§ **TASK DETAILS**: Please take the lines from the one holding "323 cable car Line Map" through the one holding "Vintage Lea Furniture" in the data below and copy them exactly.

*** Opening of TASK INPUTS ***

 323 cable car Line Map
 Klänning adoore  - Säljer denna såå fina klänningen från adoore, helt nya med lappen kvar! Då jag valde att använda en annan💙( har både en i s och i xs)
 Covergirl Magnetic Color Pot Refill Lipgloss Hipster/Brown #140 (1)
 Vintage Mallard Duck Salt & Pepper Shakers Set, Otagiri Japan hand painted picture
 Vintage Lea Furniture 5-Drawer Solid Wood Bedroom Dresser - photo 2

*** Close of TASK INPUTS ***
*** Opening of TASK INPUTS ***

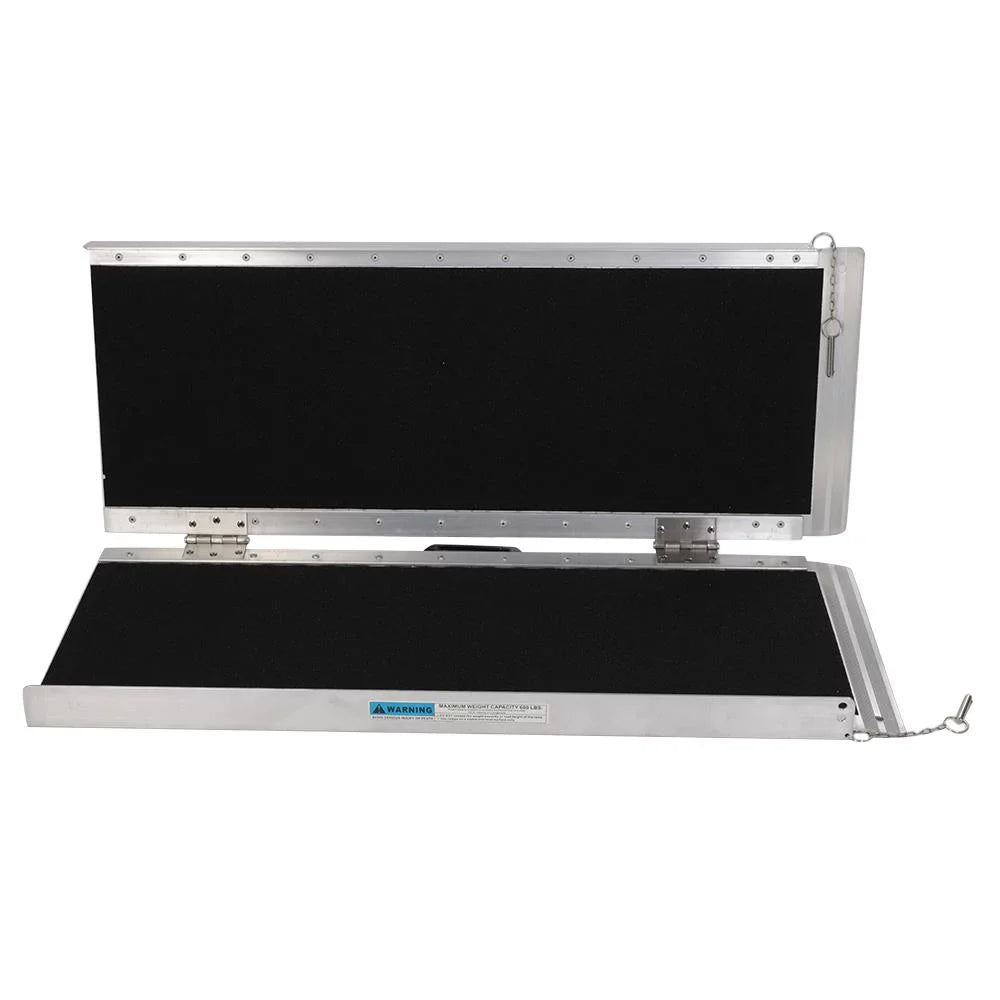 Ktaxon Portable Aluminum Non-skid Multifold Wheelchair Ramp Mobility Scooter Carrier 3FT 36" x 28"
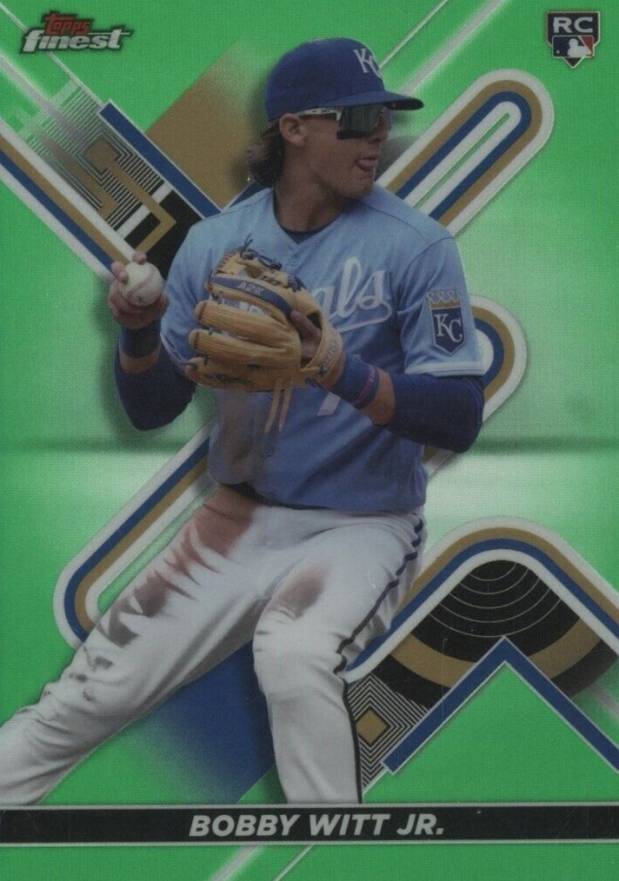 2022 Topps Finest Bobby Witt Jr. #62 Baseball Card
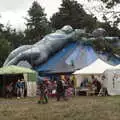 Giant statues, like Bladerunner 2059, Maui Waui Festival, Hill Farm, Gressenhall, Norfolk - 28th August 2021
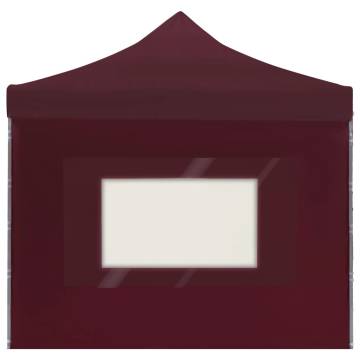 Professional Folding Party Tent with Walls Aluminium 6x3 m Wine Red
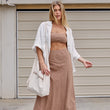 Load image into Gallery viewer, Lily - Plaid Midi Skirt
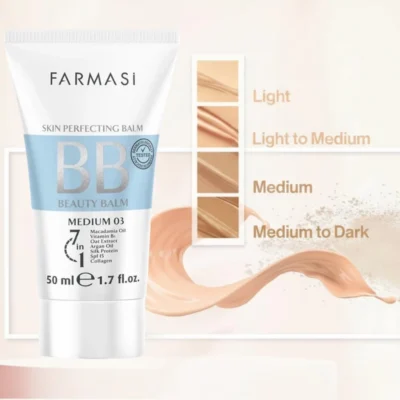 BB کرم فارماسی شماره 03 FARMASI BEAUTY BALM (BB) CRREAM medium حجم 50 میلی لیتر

*** Close of TASK INPUTS ***

§ **RESULT OF THIS TASK**:
 323 cable car Line Map
 Klänning adoore  - Säljer denna såå fina klänningen från adoore, helt nya med lappen kvar! Då jag valde att använda en annan💙( har både en i s och i xs)
 Covergirl Magnetic Color Pot Refill Lipgloss Hipster/Brown #140 (1)
 Vintage Mallard Duck Salt & Pepper Shakers Set, Otagiri Japan hand painted picture
 Vintage Lea Furniture 5-Drawer Solid Wood Bedroom Dresser - photo 2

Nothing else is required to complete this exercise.